Le sue sculture sono attualmente all’interno delle più grandi collezioni private e nei musei più prestigiosi del mondo tra cui: il Centre Pompidou di Parigi, la Collezione Peggy Guggenheim di Venezia, la Tate Gallery di Londra, la Galleria Nazionale d’Arte Moderna di Roma, l’Art Institute di Chicago, ed il Museo d’Arte Contemporanea di Montreal, nonché in diverse collezioni giapponesi come quella del Satagaya Art Museum, l’Hakone Open Air Museum, e i Momat di Tokyo.

L’esposizione è a cura dello storico dell’arte Alessandro Masi, in collaborazione con Roberta Serra e Chiara Barbato, patrocinata dal Ministero della Cultura e dal Dicastero per la Cultura e l’Educazione del Vaticano, e promossa da Roma Culture, Sovrintendenza Capitolina ai Beni Culturali e dalla Fondazione e Archivio Storico “Pericle Fazzini”.

I servizi museali sono di Zètema Progetto Cultura.

La mostra riattraversa la totale esperienza artistica dell’artista marchigiano, con circa cento capolavori di piccola e grande dimensione, tra legni, bronzi e gessi, disegni e opere grafiche.

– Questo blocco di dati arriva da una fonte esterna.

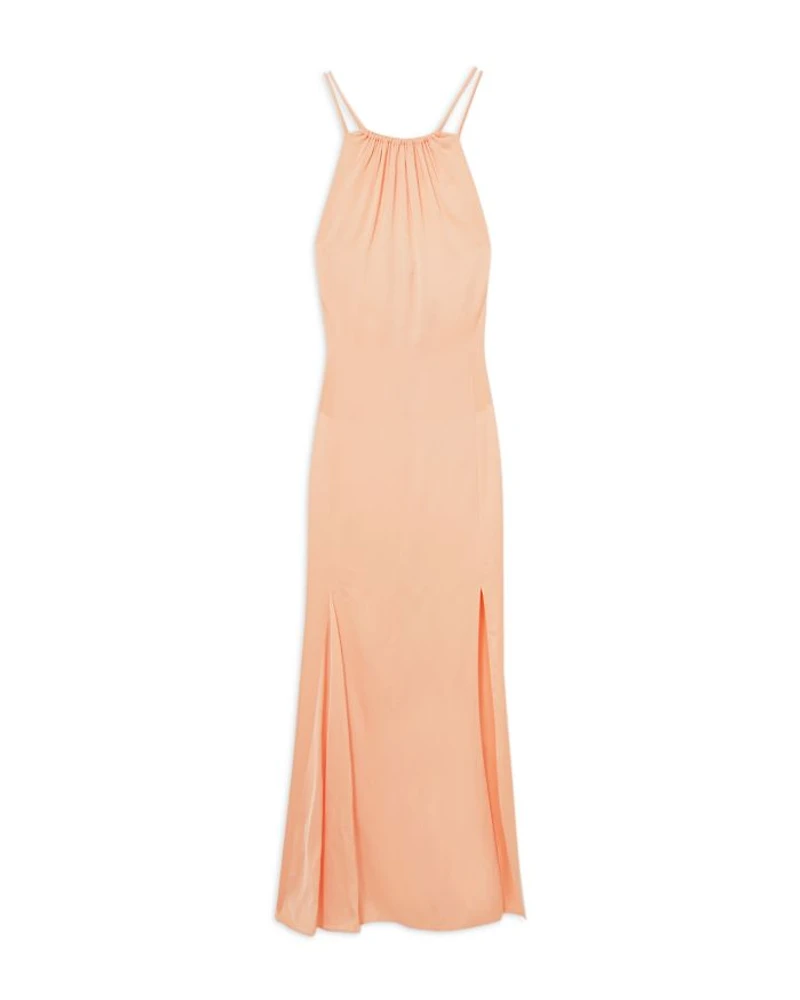 Tallie Satin Halter Dress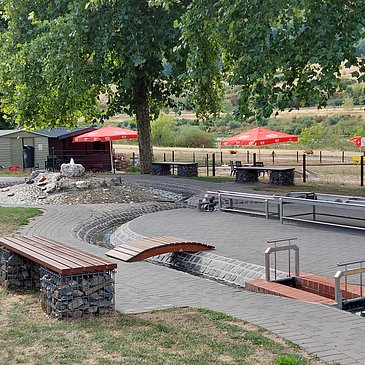 Wasserspielplatz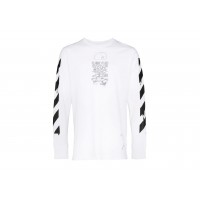 OFF-WHITE Dripping Arrows Print Cotton T-Shirt White
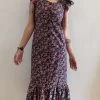 Aidan Dress Espresso London Floral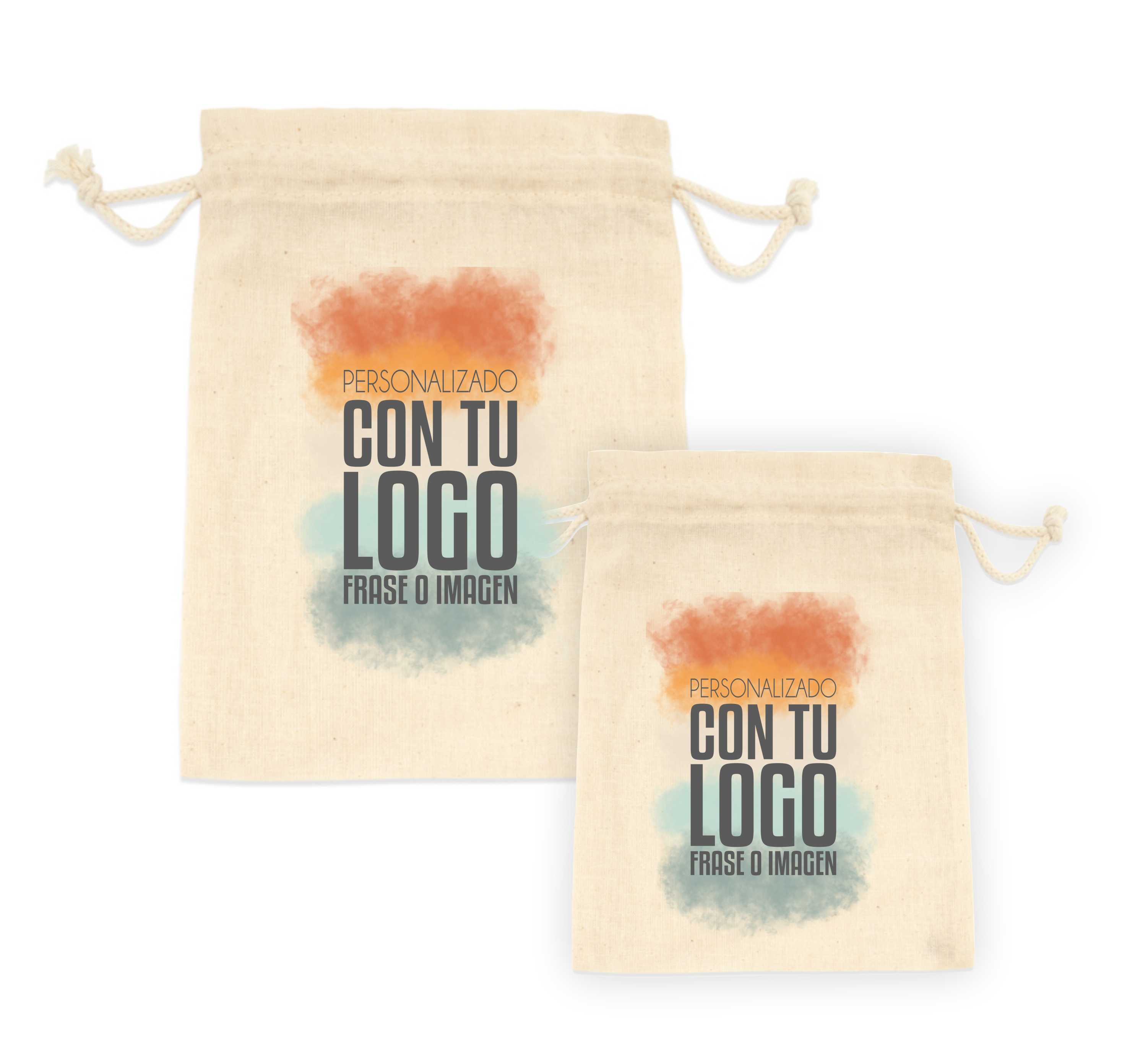 Bolsa Saco de Algodón Personalizable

Ricordiamo le prime sculture degli anni Trenta e Quaranta come: “Donna nella tempesta”, 1932, e “Sibilla”, 1947, fino ad arrivare ai bozzetti originali della “Resurrezione” della Sala Pier Luigi Nervi in Vaticano.

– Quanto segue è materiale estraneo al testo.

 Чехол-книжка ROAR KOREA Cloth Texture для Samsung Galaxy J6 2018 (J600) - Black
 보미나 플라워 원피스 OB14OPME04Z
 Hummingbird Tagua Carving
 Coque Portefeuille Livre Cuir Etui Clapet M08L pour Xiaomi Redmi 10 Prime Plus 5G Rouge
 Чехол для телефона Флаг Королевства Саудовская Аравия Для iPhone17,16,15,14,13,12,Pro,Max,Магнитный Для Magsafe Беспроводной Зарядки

Ancora, tra le opere più belle presentate c’è il “Ritratto di Anita”, 1933, il “Giovane che declama”, 1937-1938, il “Ritratto di Sibilla Aleramo”, 1947, “l’Uomo che urla”, 1949-1950, e il “Profeta”, 1949, quest’ultimo raramente esposto.

Da evidenziare, inoltre, la maestosa scultura del 1932, “Uscita dall’Arca”, con cui il giovane Fazzini si aggiudicò la borsa di studio per il Pensionato Artistico Nazionale, come già citato, il “Ritratto di Ungaretti” (1936; fusione 1987), e la “Danza”, che lo vide protagonista alla Quadriennale romana del 1935.

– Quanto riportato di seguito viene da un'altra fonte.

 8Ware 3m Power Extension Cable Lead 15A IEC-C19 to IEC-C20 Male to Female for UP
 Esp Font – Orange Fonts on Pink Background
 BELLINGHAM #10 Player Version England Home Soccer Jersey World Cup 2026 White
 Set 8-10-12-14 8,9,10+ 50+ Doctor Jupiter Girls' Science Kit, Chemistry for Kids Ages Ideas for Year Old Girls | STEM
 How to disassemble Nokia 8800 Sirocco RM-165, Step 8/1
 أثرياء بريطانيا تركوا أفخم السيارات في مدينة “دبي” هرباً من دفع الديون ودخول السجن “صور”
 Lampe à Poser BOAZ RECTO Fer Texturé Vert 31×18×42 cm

La “Resurrezione” è una grande scultura voluta da Papa Paolo VI nel 1965 e compiuta dal Maestro in cinque anni, dal 1970 al 1975, per l’Aula Paolo VI, anche nota come Aula Nervi dal nome del suo progettista in Vaticano. Pericle Fazzini fu preferito dopo quattro anni di selezioni, 1970-1975, e gli fu messa a disposizione la chiesa di San Lorenzo in Piscibus per la realizzazione della sua importante opera. La statua fu inaugurata il 28 settembre del 1977, essa si estende per una larghezza di 20 metri e occupa tutta la sezione centrale della parete del fondale dell’aula. Al centro è ubicato il Cristo risorto che si eleva da un caos indefinito ritraente la morte. I suoi lunghi capelli e la barba sono mossi da un vento che spira da sinistra verso destra, le sue braccia sono aperte e il viso rivela un’afflizione interiore, il resto della composizione è un’insieme di elementi naturali fusi fra loro: rocce, rami secchi e radici. La “Resurrezione” è stata qualificata come la scultura più contemplata al mondo perché parliamo di uno schermo scultoreo monumentale in bronzo ottone, posta alle spalle del Pontefice lungo le sue udienze pubbliche. Si identifica come il vero e proprio testamento artistico del Maestro all’umanità e sintetizza i suoi ideali spirituali nell’immagine di un Cristo di quattro metri.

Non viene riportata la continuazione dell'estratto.